O último concurso público geral para a agência ocorreu em 2010. A entidade aponta uma defasagem salarial de 43% com relação a outras agências reguladoras. Tudo isso motivou uma greve em 2023.
Entre as tragédias de Mariana e Brumadinho, barragens de responsabilidade da Vale, houve aumento no orçamento direto da ANM (ou seja, recursos que não dependem de emendas ou outros fatores): de R$ 507 milhões para R$ 541 milhões. De 2019 em diante, porém, a verba caiu, e hoje está em R$ 370 milhões.
Após a segunda catástrofe, uma decisão da Justiça obrigou a ANM a contratar alguns funcionários novos e reestruturar seu setor de barragens —o que causou pequena melhoria pontual nesta área.
“A agência tem uma estrutura de gente e equipamento para fiscalização de barragens menos mal que nos seus outros setores”, diz Waldir Salvador.
Já a lei foi alterada e passou a responsabilizar os presidentes das empresas por este tipo de tragédia.
“Quanto à possibilidade de ocorrerem novas tragédias, comparando com Brumadinho e Mariana, essa possibilidade é muito reduzida”, pondera Jungmann.
Com fiscalização precária, criou-se ambiente favorável para a lavagem do ouro do garimpo ilegal, atividade que causa desastrosos impactos socioambientais em comunidades indígenas.
“A ANM nunca teve estrutura dedicada para lidar com garimpos, e nenhum investimento foi feito pelo governo federal para estruturar a área, a exemplo da aquisição de equipamentos, concurso, treinamento específico para áreas ilegais junto com polícia, ou outra ação efetiva”, diz Samanta Cruz.
Levantamento feito pelo Mapbiomas aponta que, no Pará, o garimpo ilegal ocupa área três vezes maior que a mineração industrial.
A lei atual determina que os garimpeiros devem autodeclarar a origem dos seus minérios na hora de comercializá-los.
Na prática, o que acontece é que o ouro oriundo de áreas ilegais é registrado pelos criminosos como se viesse de uma lavra regularizada.
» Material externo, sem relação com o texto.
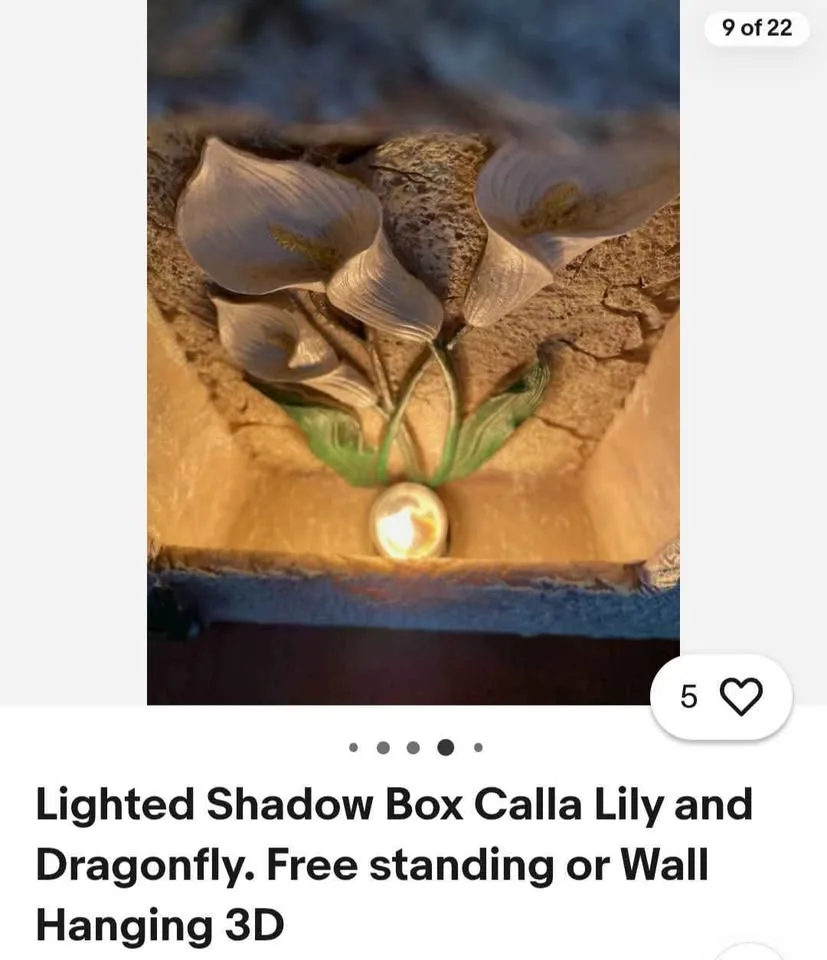 Lighted Shadow Box Calla Lily and Dragonfly 3D image indicator(8)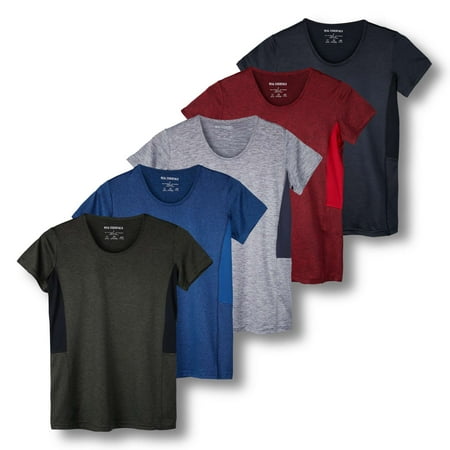 Real Essentials 5 Pack: Women's Dry Fit Tech Stretch Short-Sleeve Crew Neck Athletic T-Shirt (Available in Plus Size)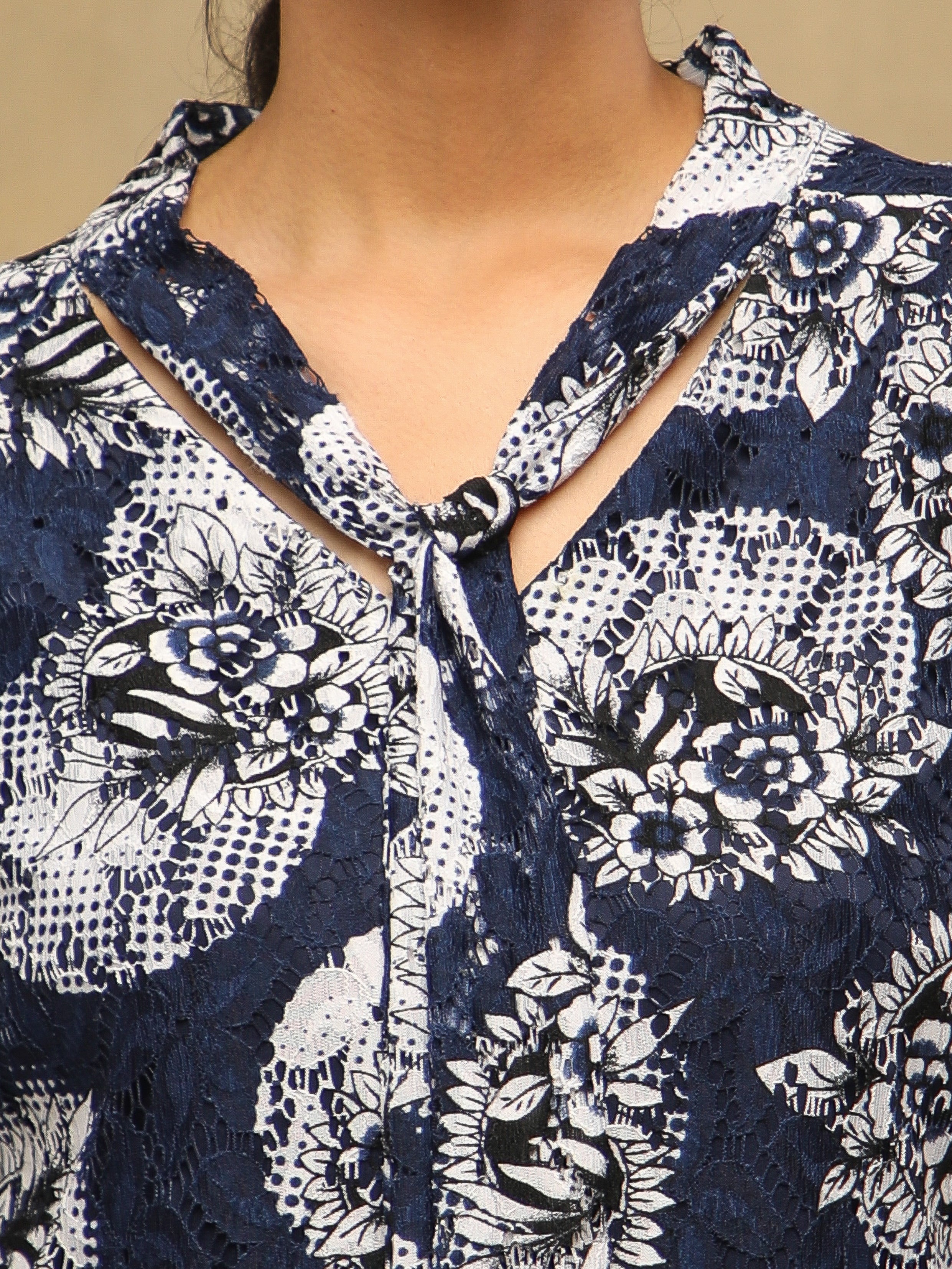 Navy Net Front Tie Top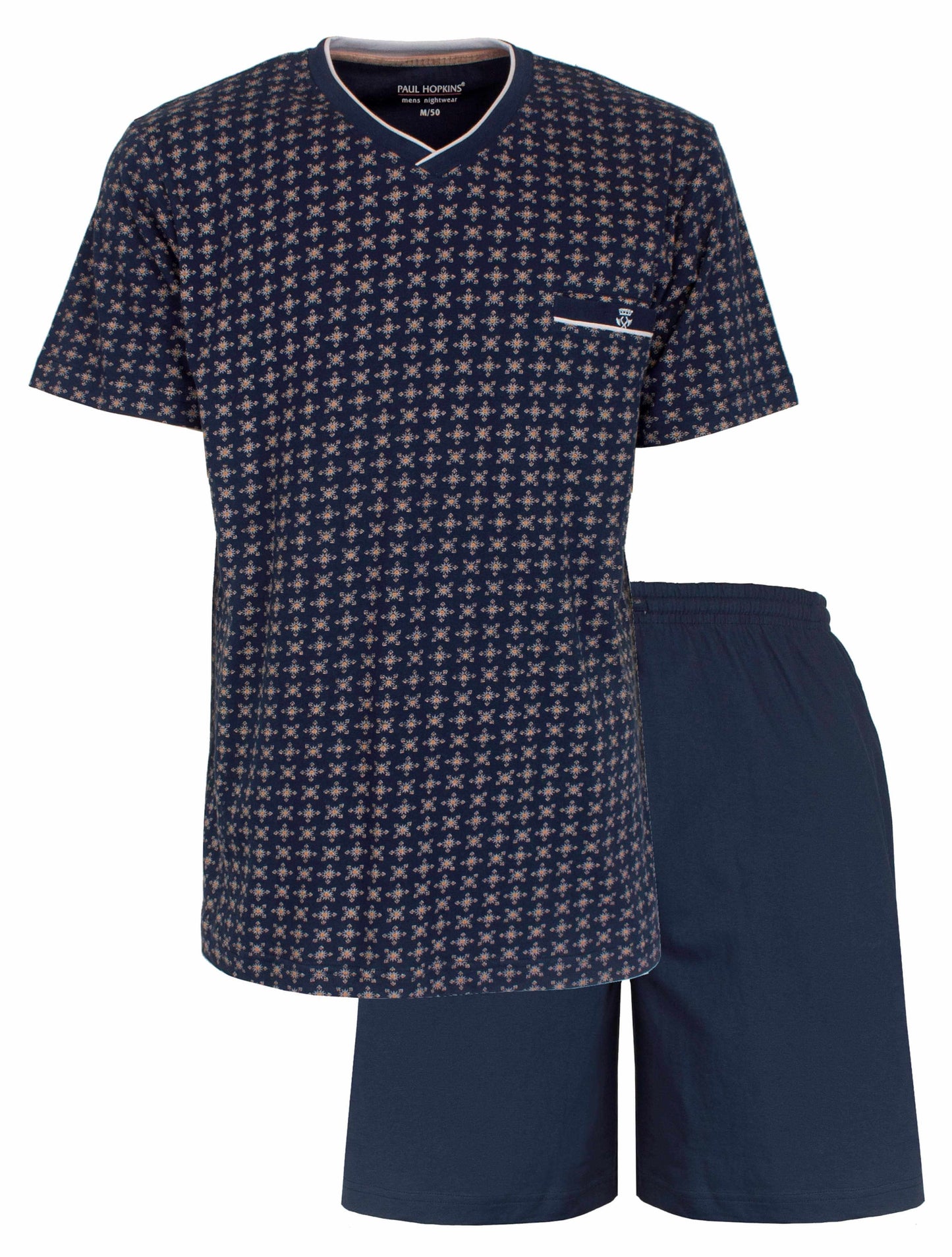 Blauwe heren shortama set met geprint dessin op het shirt en effen korte broek van Paul Hopkins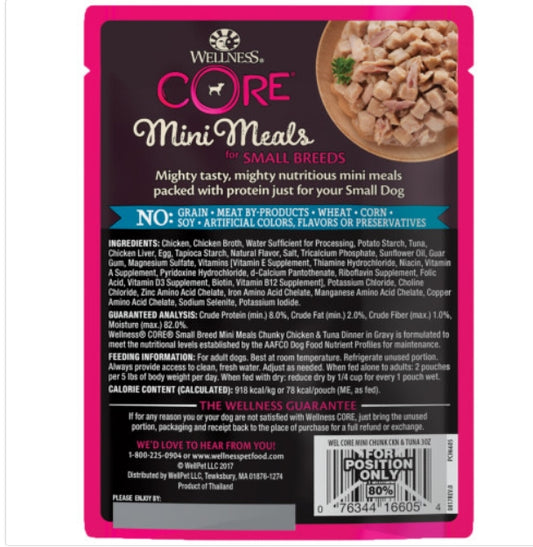 Wellness Core Mini Meals Chunky Chicken & Tuna Pouch 3oz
A fiscalização da ANM é falha, e a manobra muitas vezes só é percebida por investigadores da Polícia Federal.
“Precisaria primeiro de uma contenção da atividade pela Polícia Federal, pelo Exército, para tentar jogar esse pessoal para dentro da legalidade, para a agência poder fazer o trabalho dela. Mas não tem nada, desde a explosão do garimpo, que a agência tenha feito para inibir de maneira significativa, que realmente surtisse e feito lá na ponta, essa atividade”, diz Waldir Salvador.
“Além da burocracia, a falta de recursos impacta diretamente a capacidade da agência atuar de forma efetiva na prevenção e combate a atividades ilegais, ou na incapacidade do poder público em resolver esses problemas. A ineficiência do Estado possibilita o crescimento da atividade ilegal”, afirma Luis Azevedo.